What to work on:
Look through the entries below and copy exactly the part that begins with the line containing "kitchen with ornamental" and ends with the line containing "Wedding ceremony sequence". Do not copy the pictures.

Task inputs:

☆ ☆ ☆ ☆ ☆

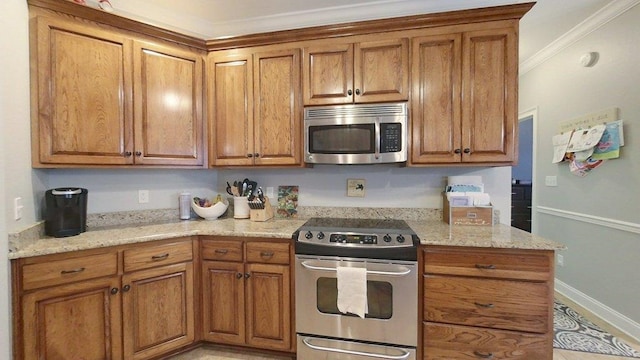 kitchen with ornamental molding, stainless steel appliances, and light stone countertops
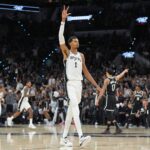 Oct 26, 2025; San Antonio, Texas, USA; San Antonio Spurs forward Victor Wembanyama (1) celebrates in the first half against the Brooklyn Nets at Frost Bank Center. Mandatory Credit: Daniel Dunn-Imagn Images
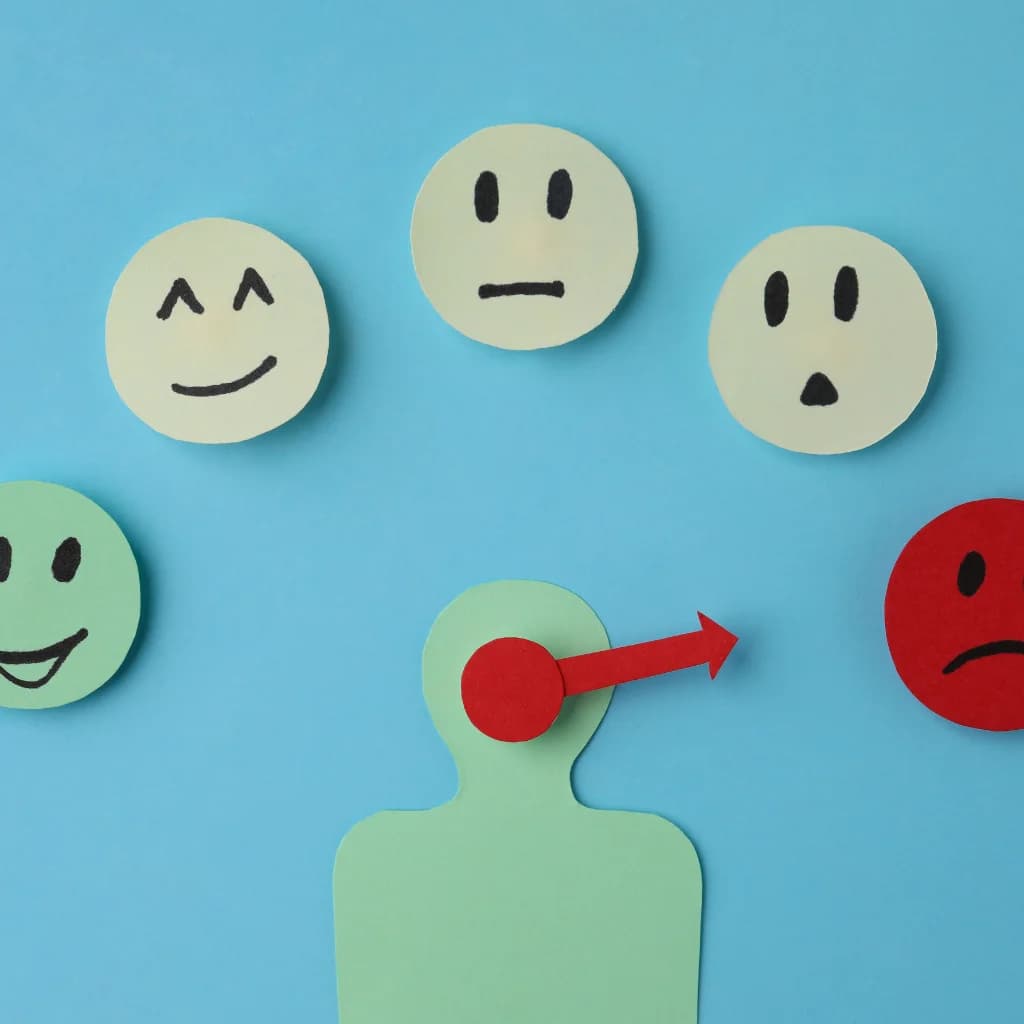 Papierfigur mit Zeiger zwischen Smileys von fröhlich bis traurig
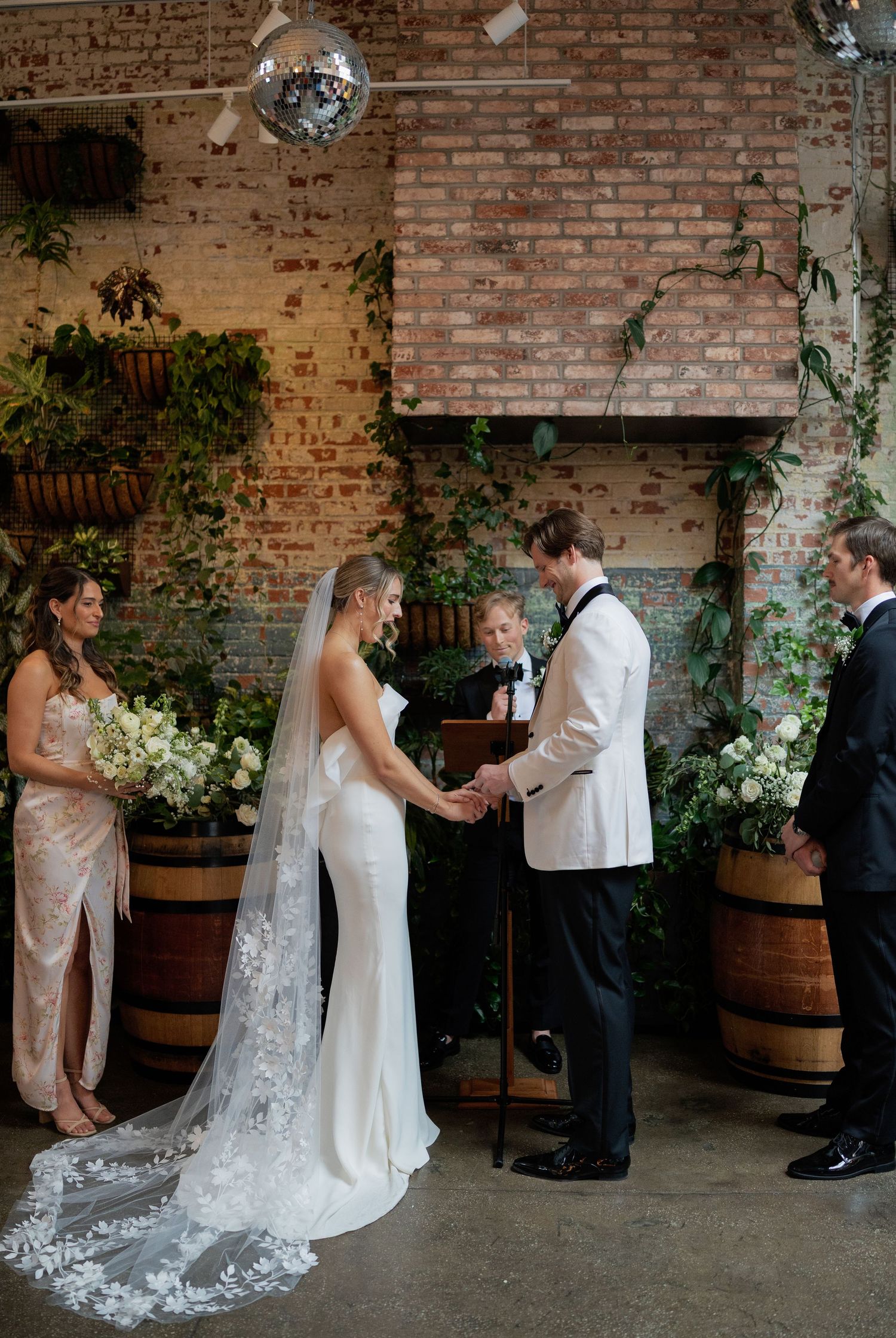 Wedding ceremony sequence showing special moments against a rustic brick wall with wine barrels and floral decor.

☆ ☆ ☆ ☆ ☆

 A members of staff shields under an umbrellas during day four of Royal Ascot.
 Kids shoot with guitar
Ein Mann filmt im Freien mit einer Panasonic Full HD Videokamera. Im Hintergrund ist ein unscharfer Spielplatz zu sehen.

☆ ☆ ☆ ☆ ☆

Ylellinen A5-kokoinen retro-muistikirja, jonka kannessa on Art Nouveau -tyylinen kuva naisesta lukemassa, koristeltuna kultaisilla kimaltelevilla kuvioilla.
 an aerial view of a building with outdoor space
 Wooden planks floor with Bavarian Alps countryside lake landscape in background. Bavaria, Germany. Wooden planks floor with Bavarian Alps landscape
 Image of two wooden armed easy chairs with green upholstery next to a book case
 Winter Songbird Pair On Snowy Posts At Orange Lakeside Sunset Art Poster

☆ ☆ ☆ ☆ ☆

Response to this exercise:
 kitchen with ornamental molding, stainless steel appliances, and light stone countertops
 Oct 26, 2025; San Antonio, Texas, USA; San Antonio Spurs forward Victor Wembanyama (1) celebrates in the first half against the Brooklyn Nets at Frost Bank Center. Mandatory Credit: Daniel Dunn-Imagn Images
 Papierfigur mit Zeiger zwischen Smileys von fröhlich bis traurig
 Wedding ceremony sequence showing special moments against a rustic brick wall with wine barrels and floral decor.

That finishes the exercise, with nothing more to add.